My Beef with Social Security (plus: a question)

My Beef with Social Security (plus: a question) October 24, 2017

https://commons.wikimedia.org/wiki/File:Social_security_card.gif; originally produced by the Social Security Administration and in the public domain

This is a bit of a follow-up to the GAO report I wrote about over the weekend.

You all know about the Jane Plan, right?  Change Social Security into a flat universal benefit meant to provide a basic living standard, and then create universal provident fund-like savings for the income tier above this.

Yes, I’ve been flogging this idea for a whole, and can’t get any takers.  And I get quite irritated with people who speak as if we can never, ever, change the benefit design of Social Security, as if FDR and Congress-at-the-time were so unfathomably wise that they crafted a formula which can never, ever be improved upon.  (Fun fact:  the UK adopted a variant on the Jane Plan, so it’s possible.)
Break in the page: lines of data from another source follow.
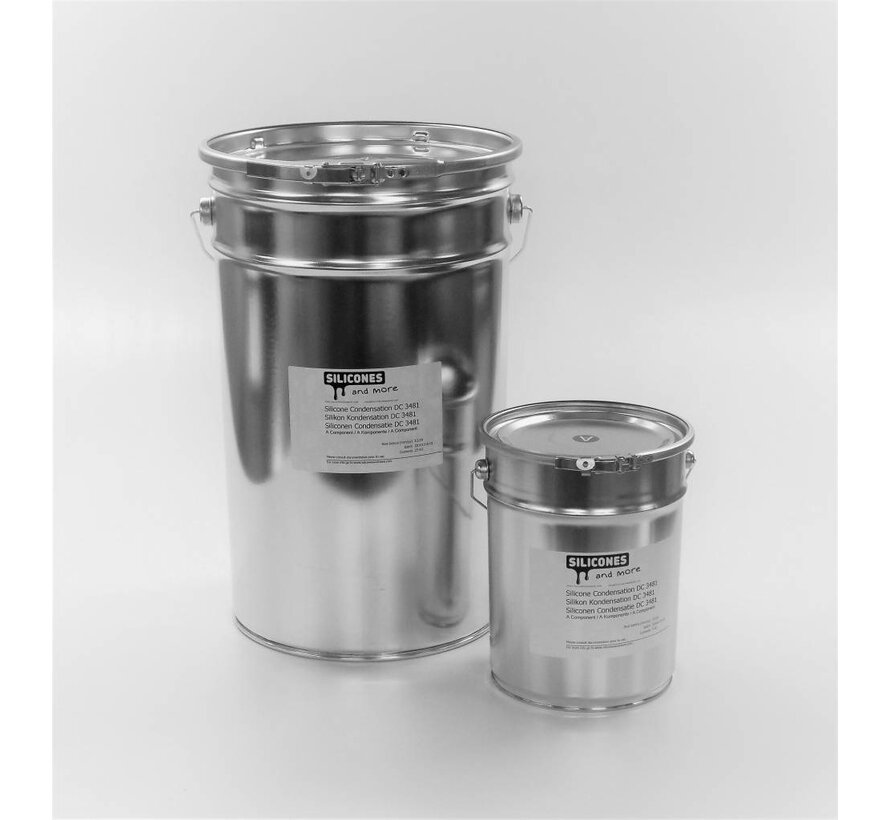 Condensation silicone DC 3481 R (Medium Hard, Dry)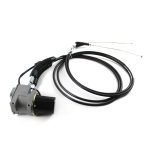 7Y-5558 126-3019 Throttle Motor with 2 Cables 5 Pins for Caterpillar E320 320A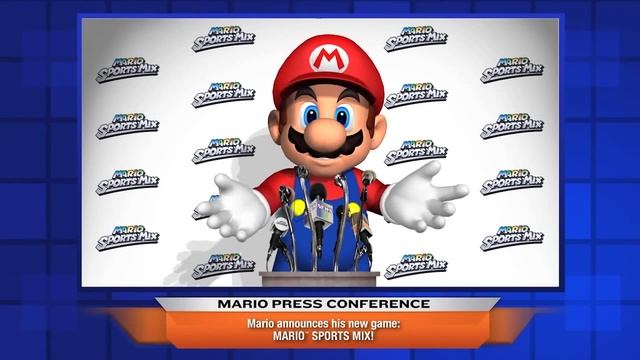 Mario Sports Mix - Commercials collection смотреть онлайн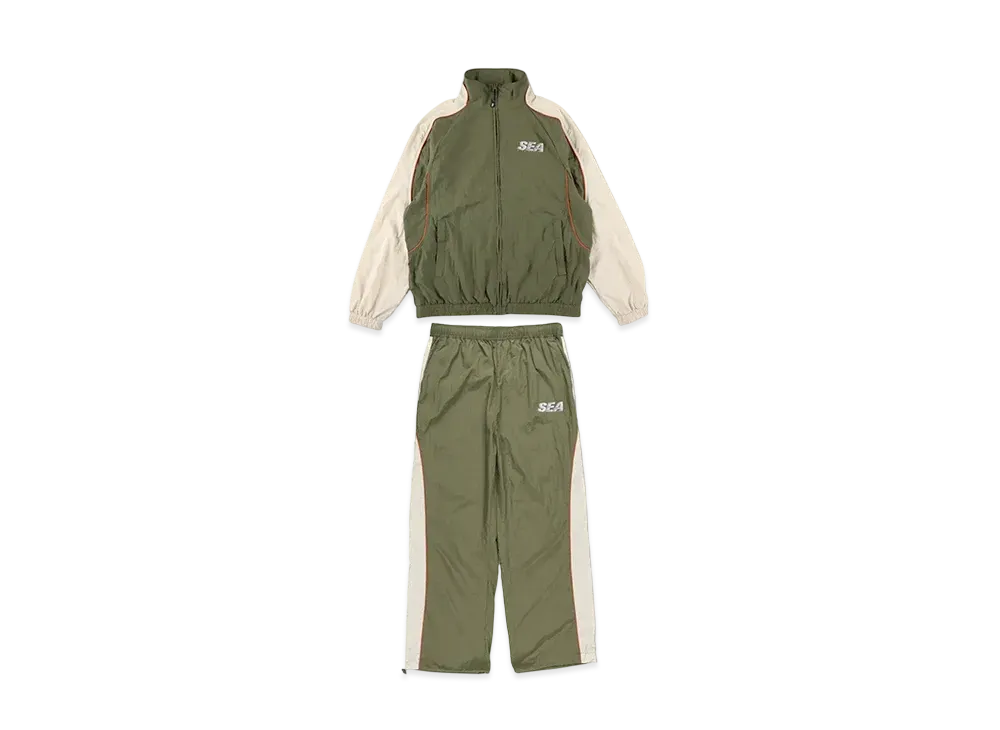 WIND AND SEA Piping Track Setup "Khaki"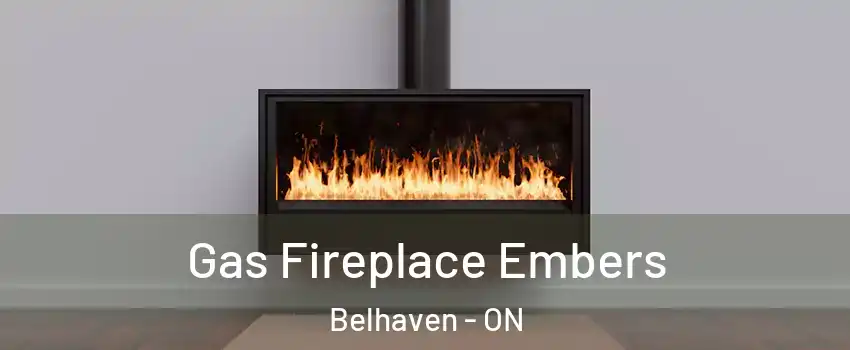  Gas Fireplace Embers Belhaven - ON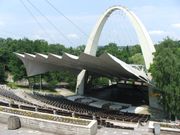 Summer Theatre in Szczecin, Poland.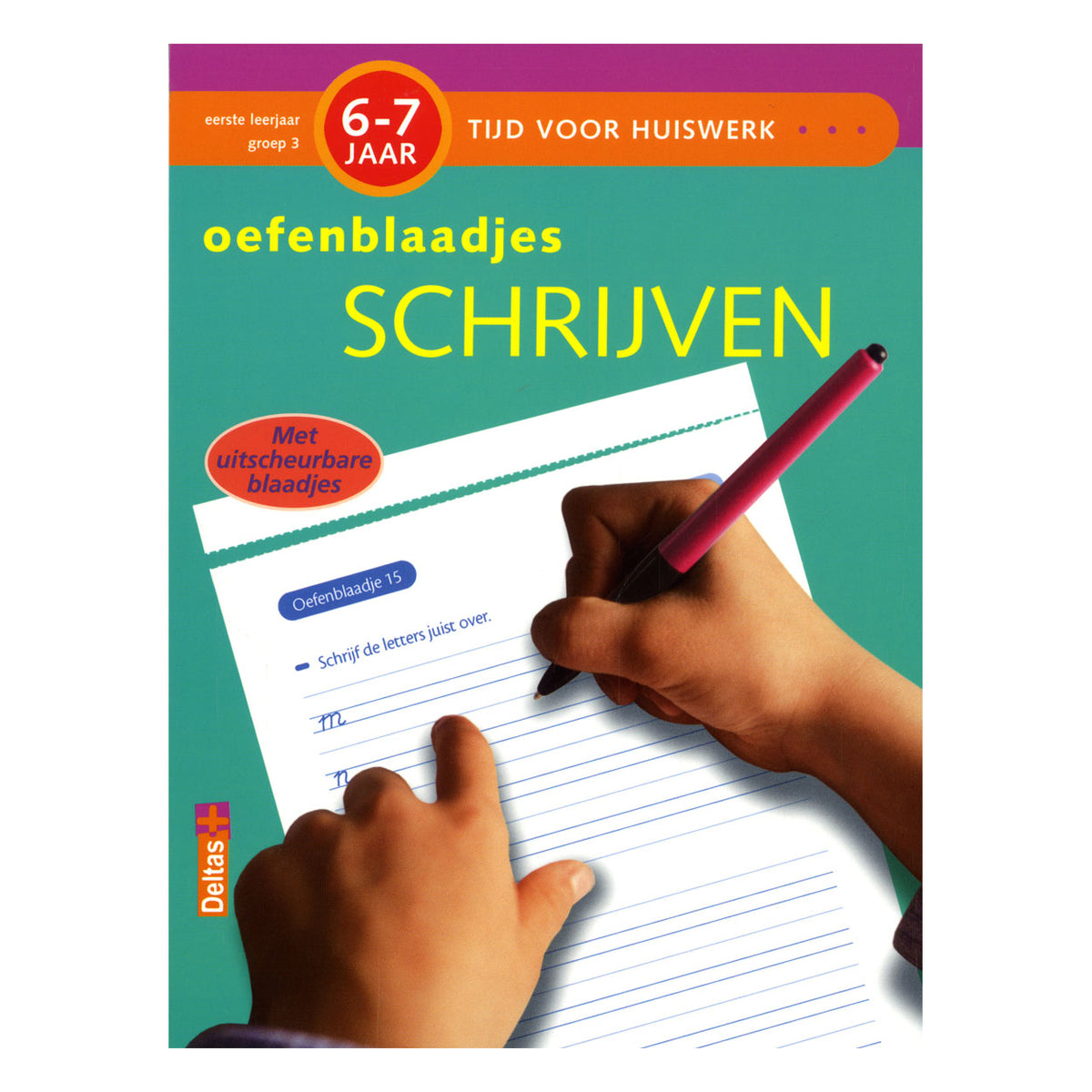 Schede pratiche di scrittura Delta (6-7 anni)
But my beef with Social Security isn’t about its sustainability — that’s a matter of tax rates — but with its transparency, or lack thereof.  (Well, OK, it’s also about sustainability, but that’s for another blog post.)  A bland statement like “Social Security replaces about 40% of pay for the average earner” tells you incredibly little about your own likely future Social Security benefit relative to your income, due to the progressive nature* of the benefit formula, the 35 year averaging, the spouse’s benefits, and so on — and that’s not even mentioning the question of what will happen to benefits when the Trust Fund is exhausted.  (Cynical prediction:  Congess will do nothing, and then, as a last-minute fix, pass a law that says that any excess funds required to pay benefits will come out of general revenues.)  Sure, you can go to a calculator, and make predictions about future income, but that requires an extra level of financial acumen.

(* Reminder:  Social Security pays different benefits at different levels of average indexed pay.  Up to the first “bendpoint” Social Security pays 90% of pay; then the percentage drops to 35% to the next bendpoint, and 15% afterwards until you hit the maximum compensation.)
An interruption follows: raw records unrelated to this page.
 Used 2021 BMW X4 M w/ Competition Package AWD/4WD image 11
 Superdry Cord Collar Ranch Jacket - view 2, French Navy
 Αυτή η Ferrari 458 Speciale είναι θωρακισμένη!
And this formula makes sense under certain circumstances.

A typical traditional DB pension formula used to look something like this:  2% of final average pay per year of service, less a proportionate amount of one’s Social Security benefit, with adjustments to ensure that lower-wage workers got a “fair” amount of benefit.  Because the benefit was paid out at retirement, based on actual Social Security benefits, and in the meantime, estimated Social Security benefits only mattered to the actuaries who calculated funding contributions, the non-transparency of Social Security didn’t really matter, certainly not to the workers themselves.

And the formula makes sense if you assume that, in the 1930s, there was formalized retirement planning, per se, and that individual saving, for retirement or for a rainy day, happened more-or-less organically.  If you had more money, you were also more likely to save more, because saving was more “natural” rather than being a product of spreadsheets and modellers and target amounts.

But in 2017, when workers need to figure out how much to save, and choose a contribution rate in their 401(k), this progressive formula just doesn’t make as much sense, because it makes the whole thing much more of a mystery.  The whole concept of the “nudge” is big right now, what with Richard Thaler winning the Nobel-ish Prize, and the progressivity of Social Security is a sort of anti-nudge.  When taken together with all the other ways that retirement income is unpredictable, it leads to a “throw up your hands” attitude and makes it harder to find that path towards appropriate amounts of 401(k) savings.

Having said all that, I have a reader question:  what percent of your income do you think that Social Security will provide you when you retire?  And how much more than that do you think you need, or want to have?  And what sort of living standard, relative to your present circumstances, do you hope to have when you retire?  (And, yes, this is also a complicated question because the hoped-for travel does, eventually, turn into watching TV all day, for plenty of us, whether we plan it that way or not, and even enjoyment of cooking or eating out fades for those whose sense of smell diminishes as they age.)